1. Obamacare will vary between states
There’s a reason why Obamacare discussions often lack specifics — we don’t know them yet. And when we do finally have most of the answers, they will vary depending on the state.
Medicaid expansion is still up for consideration in the majority of states. The Department of Health and Human Services has expressed a willingness to award a limited number of waivers for alternative expansion plans such as Arkansas’. But the plans then have to win approval from state legislators. There’s no deadline for making an expansion decision, which means that states might duck in or out of the program in the future.
And Medicaid isn’t the only Obamacare variation between states. More than two dozen states plan to offer state-run health insurance exchanges, while the rest will send citizens to the federal-run exchange. But several of the participating states won’t have their exchanges ready in time for the October launch, which means more people for the federal exchange.
The federal government wasn’t expecting to carry this much of the burden, and the estimated cost has continued to rise. That carries us to the next Obamacare lesson.
2. Costs are difficult to estimate
States choosing to expand Medicaid will receive full federal funding for the newly eligible during the first three years. The costs for the states who want to pursue waivers, or some other workaround, is impossible to pin down until the actual legislation finalizes.
Things aren’t any clearer with the exchanges.
The HHS was given $1 billion to help fund the federal exchanges when Obamacare first passed. That’s one-fifth of the Congressional Budget Office’s minimum estimate of what the exchanges will cost. Further requests for funding haven’t made it through Congress. President Obama’s budget proposal last week requested $1.5 billion to help carry the extra exchange weight.
The cost of running the exchanges — and whether the government can come up with the money — is a multilayered question of its own.
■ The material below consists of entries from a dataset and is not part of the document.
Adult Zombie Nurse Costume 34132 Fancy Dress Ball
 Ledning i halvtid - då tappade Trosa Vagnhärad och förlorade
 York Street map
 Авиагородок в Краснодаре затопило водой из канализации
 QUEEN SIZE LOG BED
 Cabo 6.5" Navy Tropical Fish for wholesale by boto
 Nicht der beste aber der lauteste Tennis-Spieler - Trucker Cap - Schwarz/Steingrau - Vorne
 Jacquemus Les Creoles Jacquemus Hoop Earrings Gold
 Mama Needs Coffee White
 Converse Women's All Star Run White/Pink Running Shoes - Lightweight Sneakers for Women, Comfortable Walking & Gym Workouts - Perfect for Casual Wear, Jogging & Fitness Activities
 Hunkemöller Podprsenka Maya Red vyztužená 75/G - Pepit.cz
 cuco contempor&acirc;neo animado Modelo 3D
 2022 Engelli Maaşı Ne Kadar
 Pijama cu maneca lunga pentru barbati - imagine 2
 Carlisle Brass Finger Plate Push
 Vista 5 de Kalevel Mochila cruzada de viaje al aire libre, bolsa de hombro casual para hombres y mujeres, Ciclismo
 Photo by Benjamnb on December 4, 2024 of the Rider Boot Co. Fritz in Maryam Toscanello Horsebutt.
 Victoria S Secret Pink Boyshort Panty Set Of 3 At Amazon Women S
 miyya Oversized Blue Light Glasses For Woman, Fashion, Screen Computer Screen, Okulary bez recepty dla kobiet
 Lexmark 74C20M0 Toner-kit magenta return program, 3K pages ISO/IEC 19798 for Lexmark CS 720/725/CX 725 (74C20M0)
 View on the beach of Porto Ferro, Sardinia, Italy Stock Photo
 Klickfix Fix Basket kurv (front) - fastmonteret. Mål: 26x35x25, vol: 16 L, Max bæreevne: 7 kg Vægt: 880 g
But the exchange uncertainties also make it impossible to estimate how much premiums will increase or decrease with Obamacare.
Vermont became the first state to publish proposed rates for its exchange. But those rates don’t accurately predict changes in most areas due to Vermont’s previously superior insurance requirements.
Beneficiaries aren’t the only ones feeling the strain of confusion. Insurers have quickly diversified to try and anticipate where the market might shift.
3. Uncertain role for insurers
Aetna Inc. (NYSE:AET) shelled out about $5.7 billion last year to acquire Coventry for its firm footing in Medicaid. WellPoint, Inc. (NYSE:WLP) bought Amerigroup for similar reasons. Expansion states will provide government funding along with a wave of new patients. But it’s still unclear how insurers will participate or benefit in the states trying to forge their own Medicaid path.